Excerpts from a dataset:
↓↓↓

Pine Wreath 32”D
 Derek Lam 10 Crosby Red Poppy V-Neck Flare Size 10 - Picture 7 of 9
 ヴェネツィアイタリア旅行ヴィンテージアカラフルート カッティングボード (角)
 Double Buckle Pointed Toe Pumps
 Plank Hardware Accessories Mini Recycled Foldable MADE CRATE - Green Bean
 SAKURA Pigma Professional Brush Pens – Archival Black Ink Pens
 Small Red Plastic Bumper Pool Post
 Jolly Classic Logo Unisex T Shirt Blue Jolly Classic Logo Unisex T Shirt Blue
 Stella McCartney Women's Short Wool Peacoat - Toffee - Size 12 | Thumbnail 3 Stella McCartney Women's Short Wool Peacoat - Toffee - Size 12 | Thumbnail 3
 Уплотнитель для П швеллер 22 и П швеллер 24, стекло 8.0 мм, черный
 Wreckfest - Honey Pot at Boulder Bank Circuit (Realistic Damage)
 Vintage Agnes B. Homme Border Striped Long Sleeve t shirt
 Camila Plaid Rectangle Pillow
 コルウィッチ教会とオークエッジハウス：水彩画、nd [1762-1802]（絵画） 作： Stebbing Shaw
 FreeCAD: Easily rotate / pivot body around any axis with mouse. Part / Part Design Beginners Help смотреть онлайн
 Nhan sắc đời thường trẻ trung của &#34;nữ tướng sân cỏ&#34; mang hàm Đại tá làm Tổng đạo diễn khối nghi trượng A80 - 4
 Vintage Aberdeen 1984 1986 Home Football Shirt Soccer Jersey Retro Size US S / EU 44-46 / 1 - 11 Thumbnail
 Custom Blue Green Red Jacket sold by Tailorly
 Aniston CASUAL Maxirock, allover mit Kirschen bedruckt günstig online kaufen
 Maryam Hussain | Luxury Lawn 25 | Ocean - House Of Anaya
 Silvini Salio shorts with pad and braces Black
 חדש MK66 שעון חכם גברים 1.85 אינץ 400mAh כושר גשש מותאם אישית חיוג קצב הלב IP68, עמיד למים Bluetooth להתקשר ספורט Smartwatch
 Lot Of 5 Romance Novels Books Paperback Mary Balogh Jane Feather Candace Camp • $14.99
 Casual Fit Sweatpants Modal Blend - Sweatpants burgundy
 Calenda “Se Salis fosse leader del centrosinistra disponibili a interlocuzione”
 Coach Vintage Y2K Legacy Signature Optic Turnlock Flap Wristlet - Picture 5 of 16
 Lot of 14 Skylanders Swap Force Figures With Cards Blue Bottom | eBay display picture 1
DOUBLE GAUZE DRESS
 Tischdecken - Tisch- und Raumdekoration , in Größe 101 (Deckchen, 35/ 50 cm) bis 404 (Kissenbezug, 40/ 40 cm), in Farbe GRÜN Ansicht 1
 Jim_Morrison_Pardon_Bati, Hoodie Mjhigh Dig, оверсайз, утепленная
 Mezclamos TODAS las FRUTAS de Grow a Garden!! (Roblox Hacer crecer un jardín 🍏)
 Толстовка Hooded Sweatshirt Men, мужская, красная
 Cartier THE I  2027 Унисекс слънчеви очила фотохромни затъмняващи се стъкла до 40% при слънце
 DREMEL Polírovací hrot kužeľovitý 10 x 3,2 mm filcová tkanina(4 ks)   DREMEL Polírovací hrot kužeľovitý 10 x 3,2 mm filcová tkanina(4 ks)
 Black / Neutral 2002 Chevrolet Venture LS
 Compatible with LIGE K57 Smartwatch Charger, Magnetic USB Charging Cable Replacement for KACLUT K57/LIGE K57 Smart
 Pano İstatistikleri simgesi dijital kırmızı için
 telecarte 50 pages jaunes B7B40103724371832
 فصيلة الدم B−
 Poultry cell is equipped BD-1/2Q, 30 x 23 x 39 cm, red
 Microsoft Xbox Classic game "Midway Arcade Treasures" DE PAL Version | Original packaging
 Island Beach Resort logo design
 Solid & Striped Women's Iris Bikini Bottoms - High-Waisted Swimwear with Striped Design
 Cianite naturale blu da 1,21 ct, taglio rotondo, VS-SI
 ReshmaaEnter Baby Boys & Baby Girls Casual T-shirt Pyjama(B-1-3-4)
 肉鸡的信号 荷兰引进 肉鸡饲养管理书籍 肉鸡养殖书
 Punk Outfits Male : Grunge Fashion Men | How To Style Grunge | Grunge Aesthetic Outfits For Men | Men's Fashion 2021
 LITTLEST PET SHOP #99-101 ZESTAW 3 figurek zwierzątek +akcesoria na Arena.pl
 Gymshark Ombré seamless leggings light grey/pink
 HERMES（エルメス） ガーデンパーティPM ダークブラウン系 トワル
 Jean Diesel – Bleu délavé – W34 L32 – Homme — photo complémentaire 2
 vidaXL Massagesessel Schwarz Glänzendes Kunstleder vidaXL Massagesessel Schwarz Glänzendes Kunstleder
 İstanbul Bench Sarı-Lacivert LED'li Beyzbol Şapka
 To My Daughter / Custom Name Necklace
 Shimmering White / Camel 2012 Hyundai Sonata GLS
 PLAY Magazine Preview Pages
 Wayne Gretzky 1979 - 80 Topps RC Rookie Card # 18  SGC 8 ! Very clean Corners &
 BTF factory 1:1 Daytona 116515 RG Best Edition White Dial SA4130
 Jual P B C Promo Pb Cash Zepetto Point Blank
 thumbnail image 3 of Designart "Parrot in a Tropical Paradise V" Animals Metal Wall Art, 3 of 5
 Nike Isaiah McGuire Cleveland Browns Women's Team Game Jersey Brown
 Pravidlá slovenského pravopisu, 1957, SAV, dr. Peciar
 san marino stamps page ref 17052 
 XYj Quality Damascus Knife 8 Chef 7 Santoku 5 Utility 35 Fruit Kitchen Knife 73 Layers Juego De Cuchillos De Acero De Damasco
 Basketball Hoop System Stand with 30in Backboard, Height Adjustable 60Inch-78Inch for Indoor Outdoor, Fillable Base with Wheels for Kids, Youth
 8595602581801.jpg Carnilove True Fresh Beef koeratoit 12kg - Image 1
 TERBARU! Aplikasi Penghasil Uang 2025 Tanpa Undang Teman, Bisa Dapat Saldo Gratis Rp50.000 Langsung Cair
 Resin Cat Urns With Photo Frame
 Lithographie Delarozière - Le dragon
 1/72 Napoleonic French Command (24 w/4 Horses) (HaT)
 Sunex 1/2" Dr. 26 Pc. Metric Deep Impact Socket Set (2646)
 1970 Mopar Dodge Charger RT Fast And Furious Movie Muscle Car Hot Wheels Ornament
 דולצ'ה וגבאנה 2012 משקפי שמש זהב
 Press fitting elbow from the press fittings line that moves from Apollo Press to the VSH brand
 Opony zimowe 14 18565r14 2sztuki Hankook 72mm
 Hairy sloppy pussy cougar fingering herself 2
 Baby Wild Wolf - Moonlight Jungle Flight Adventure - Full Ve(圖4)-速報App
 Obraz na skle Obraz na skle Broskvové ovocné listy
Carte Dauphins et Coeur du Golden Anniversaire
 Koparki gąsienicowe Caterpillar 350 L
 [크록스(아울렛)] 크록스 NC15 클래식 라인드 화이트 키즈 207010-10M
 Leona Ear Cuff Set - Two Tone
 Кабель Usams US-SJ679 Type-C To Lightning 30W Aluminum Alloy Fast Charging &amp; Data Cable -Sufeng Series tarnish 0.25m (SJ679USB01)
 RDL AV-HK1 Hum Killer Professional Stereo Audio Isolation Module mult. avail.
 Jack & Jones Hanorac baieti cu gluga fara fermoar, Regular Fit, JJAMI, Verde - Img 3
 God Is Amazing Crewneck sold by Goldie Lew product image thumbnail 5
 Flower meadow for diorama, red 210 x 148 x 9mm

↑↑↑

=== YOUR GOAL ===
Keeping every character as it is, restate the lines above that run from the line with "Толстовка Hooded Sweatshirt" through the line with "İstanbul Bench Sarı-Lacivert", both included, and nothing else.

=== WRITTEN ANSWER ===
 Толстовка Hooded Sweatshirt Men, мужская, красная
 Cartier THE I  2027 Унисекс слънчеви очила фотохромни затъмняващи се стъкла до 40% при слънце
 DREMEL Polírovací hrot kužeľovitý 10 x 3,2 mm filcová tkanina(4 ks)   DREMEL Polírovací hrot kužeľovitý 10 x 3,2 mm filcová tkanina(4 ks)
 Black / Neutral 2002 Chevrolet Venture LS
 Compatible with LIGE K57 Smartwatch Charger, Magnetic USB Charging Cable Replacement for KACLUT K57/LIGE K57 Smart
 Pano İstatistikleri simgesi dijital kırmızı için
 telecarte 50 pages jaunes B7B40103724371832
 فصيلة الدم B−
 Poultry cell is equipped BD-1/2Q, 30 x 23 x 39 cm, red
 Microsoft Xbox Classic game "Midway Arcade Treasures" DE PAL Version | Original packaging
 Island Beach Resort logo design
 Solid & Striped Women's Iris Bikini Bottoms - High-Waisted Swimwear with Striped Design
 Cianite naturale blu da 1,21 ct, taglio rotondo, VS-SI
 ReshmaaEnter Baby Boys & Baby Girls Casual T-shirt Pyjama(B-1-3-4)
 肉鸡的信号 荷兰引进 肉鸡饲养管理书籍 肉鸡养殖书
 Punk Outfits Male : Grunge Fashion Men | How To Style Grunge | Grunge Aesthetic Outfits For Men | Men's Fashion 2021
 LITTLEST PET SHOP #99-101 ZESTAW 3 figurek zwierzątek +akcesoria na Arena.pl
 Gymshark Ombré seamless leggings light grey/pink
 HERMES（エルメス） ガーデンパーティPM ダークブラウン系 トワル
 Jean Diesel – Bleu délavé – W34 L32 – Homme — photo complémentaire 2
 vidaXL Massagesessel Schwarz Glänzendes Kunstleder vidaXL Massagesessel Schwarz Glänzendes Kunstleder
 İstanbul Bench Sarı-Lacivert LED'li Beyzbol Şapka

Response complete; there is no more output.